Without any pictures, print exactly the lines that run from the start of the data through the line containing "The CentralView communicates".

START Working data

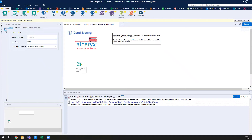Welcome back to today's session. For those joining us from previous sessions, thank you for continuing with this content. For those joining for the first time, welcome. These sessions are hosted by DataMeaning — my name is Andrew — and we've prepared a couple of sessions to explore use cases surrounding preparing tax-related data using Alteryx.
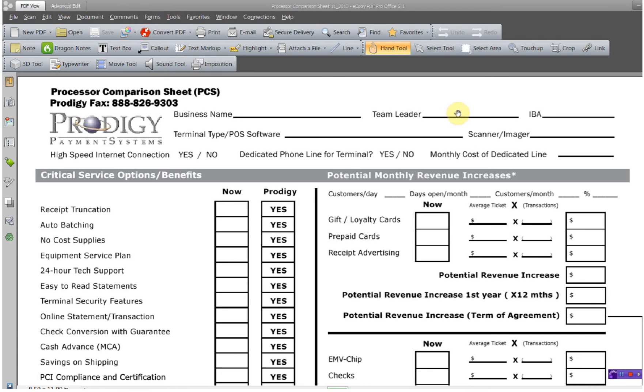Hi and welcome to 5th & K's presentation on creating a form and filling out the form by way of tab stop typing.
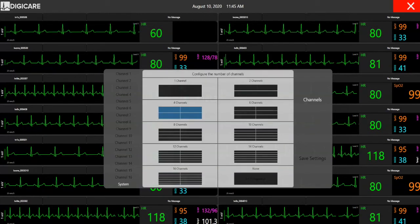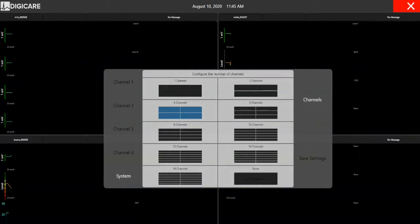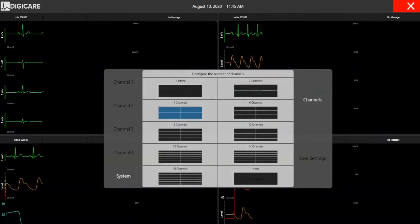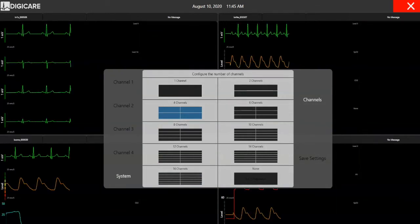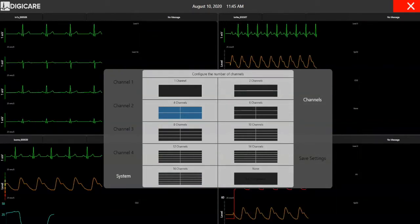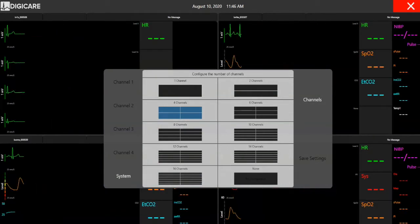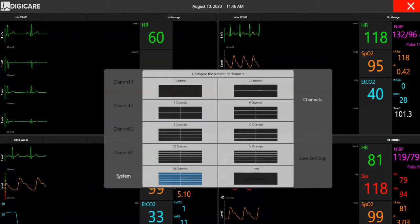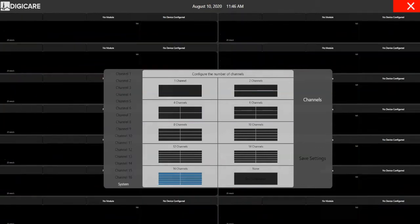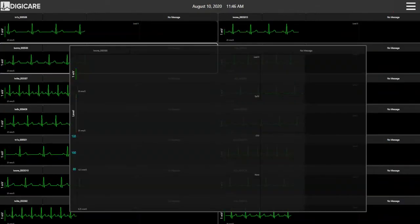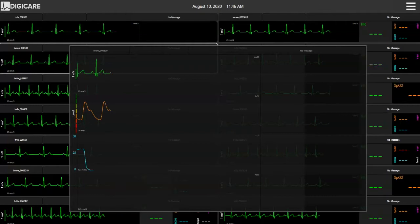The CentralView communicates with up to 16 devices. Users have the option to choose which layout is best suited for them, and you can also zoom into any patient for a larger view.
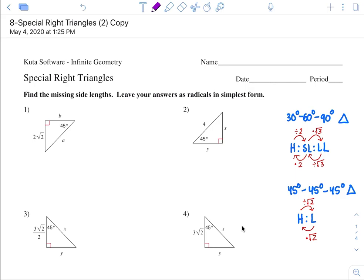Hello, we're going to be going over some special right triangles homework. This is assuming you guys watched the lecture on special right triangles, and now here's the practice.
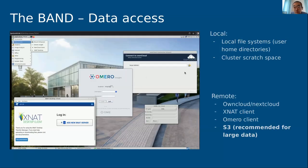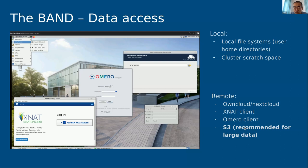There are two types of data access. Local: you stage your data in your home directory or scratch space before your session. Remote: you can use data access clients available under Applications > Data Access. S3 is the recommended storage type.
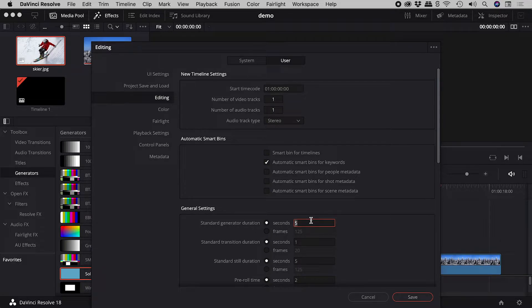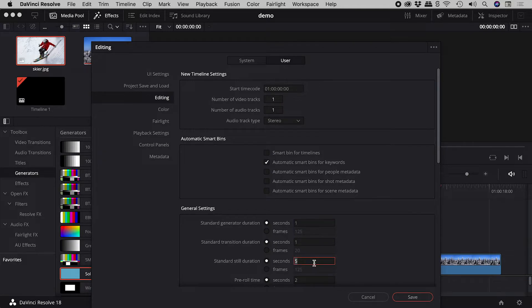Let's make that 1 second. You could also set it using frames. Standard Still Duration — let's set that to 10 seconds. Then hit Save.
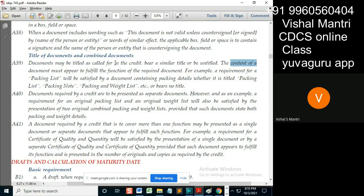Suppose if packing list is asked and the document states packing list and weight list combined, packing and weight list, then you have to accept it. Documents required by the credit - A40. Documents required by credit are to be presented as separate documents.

END Working data

**Solution**:
Welcome back to today's session. For those joining us from previous sessions, thank you for continuing with this content. For those joining for the first time, welcome. These sessions are hosted by DataMeaning — my name is Andrew — and we've prepared a couple of sessions to explore use cases surrounding preparing tax-related data using Alteryx.
Hi and welcome to 5th & K's presentation on creating a form and filling out the form by way of tab stop typing.
The CentralView communicates with up to 16 devices. Users have the option to choose which layout is best suited for them, and you can also zoom into any patient for a larger view.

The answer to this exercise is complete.